With pictures omitted, transcribe exactly the lines from the one containing "Would you like" to the end of the records below.
╭──
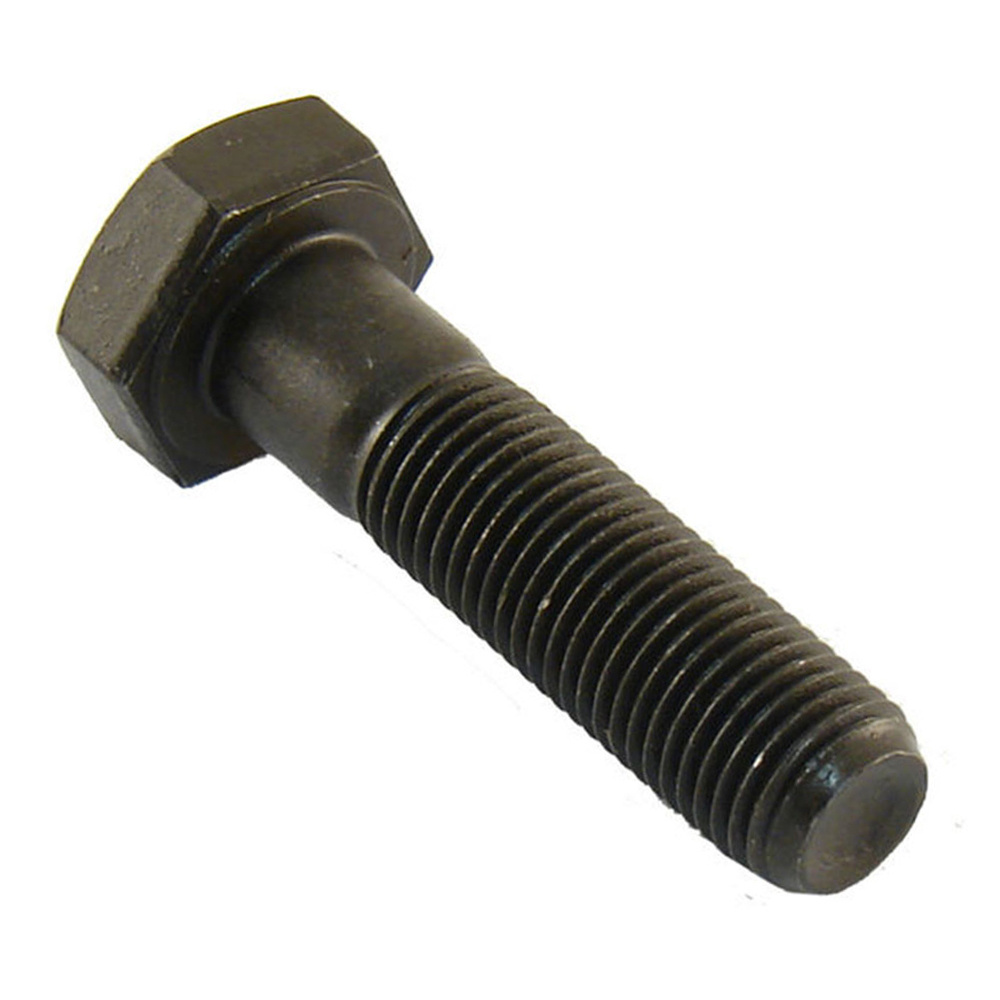 Carbon thread hex bolts screw 9mm 3/8 x1 plated steel hex head tap bolts m38 m14 m8 m75 hex bolt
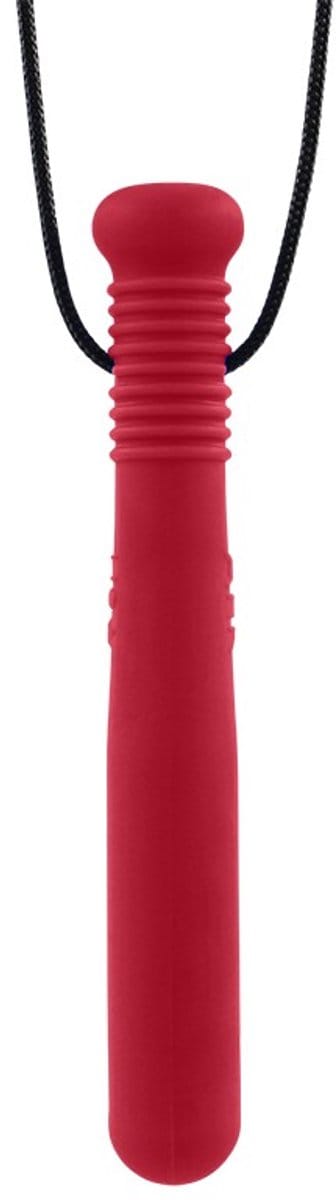 ARK Therapeutic kauwketting speelgoed baseball bat rood XT medium.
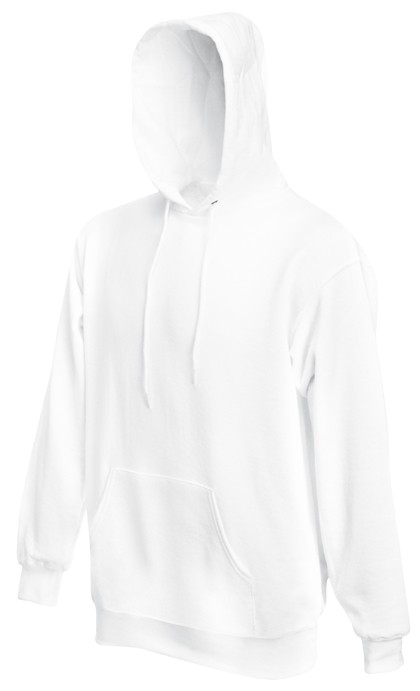 Fruit of the Loom hoodie sweater SC244C White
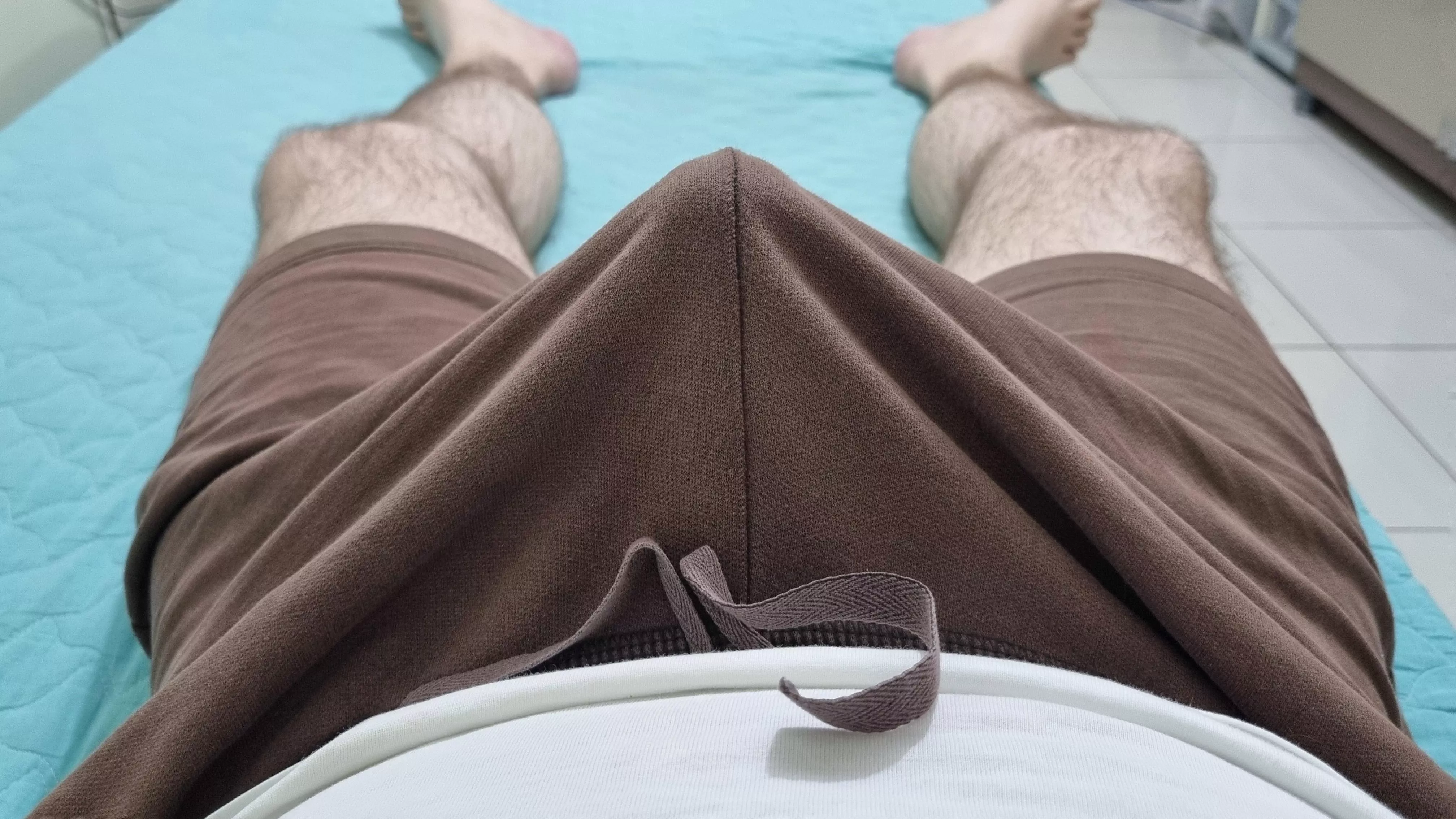 Would you like to help me with my morning wood?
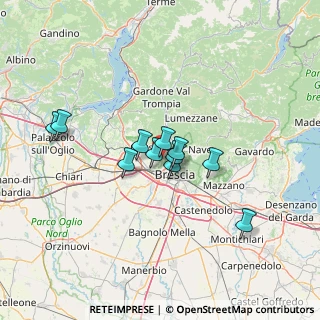 Mappa Cellatica, 25060 Cellatica BS, Italia (10.07091)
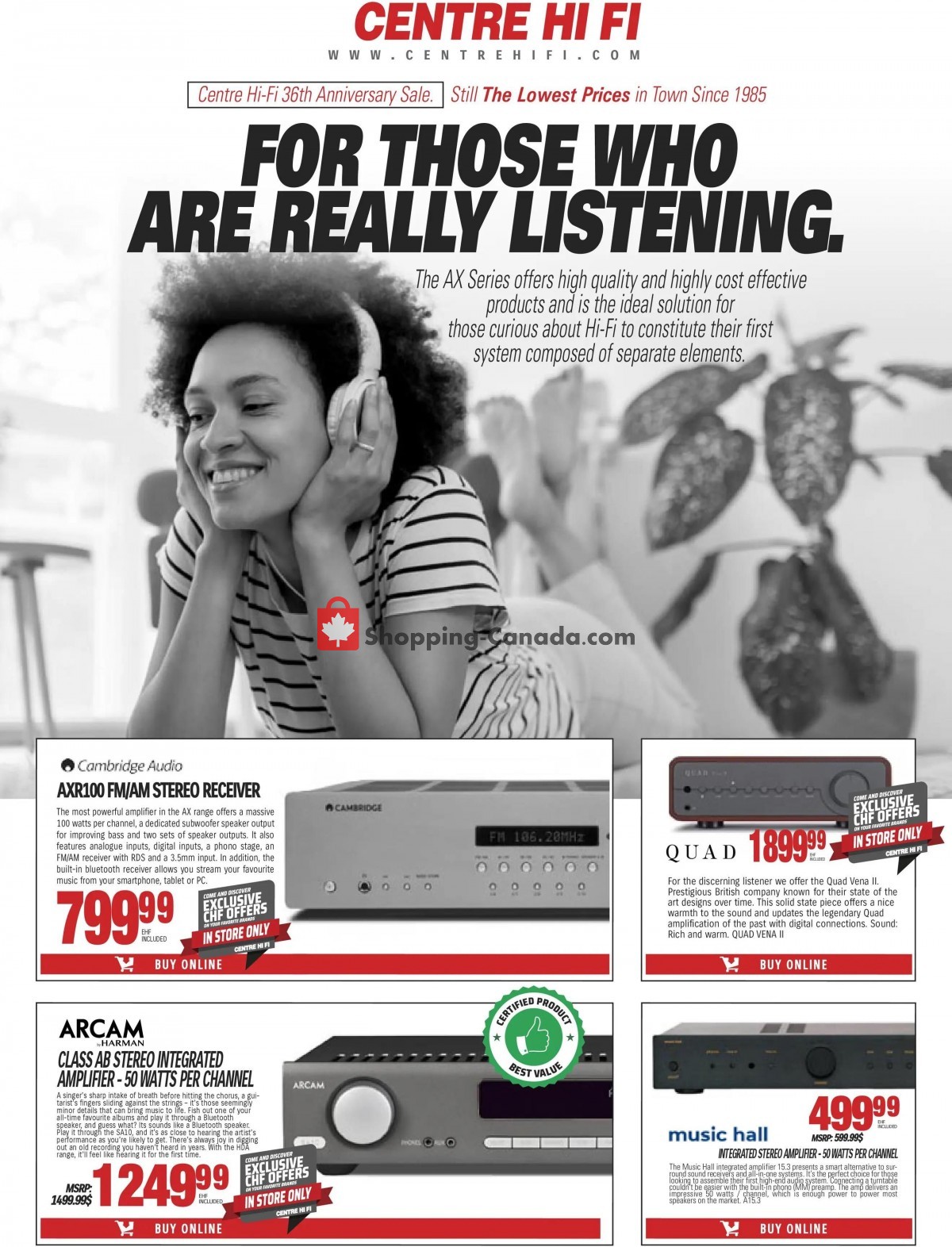 Centre Hi-Fi flyer from Friday October 1, 2021 to Thursday October 7, 2021 - page 30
╰──
Answer box
 Would you like to help me with my morning wood?
 Mappa Cellatica, 25060 Cellatica BS, Italia (10.07091)
 Centre Hi-Fi flyer from Friday October 1, 2021 to Thursday October 7, 2021 - page 30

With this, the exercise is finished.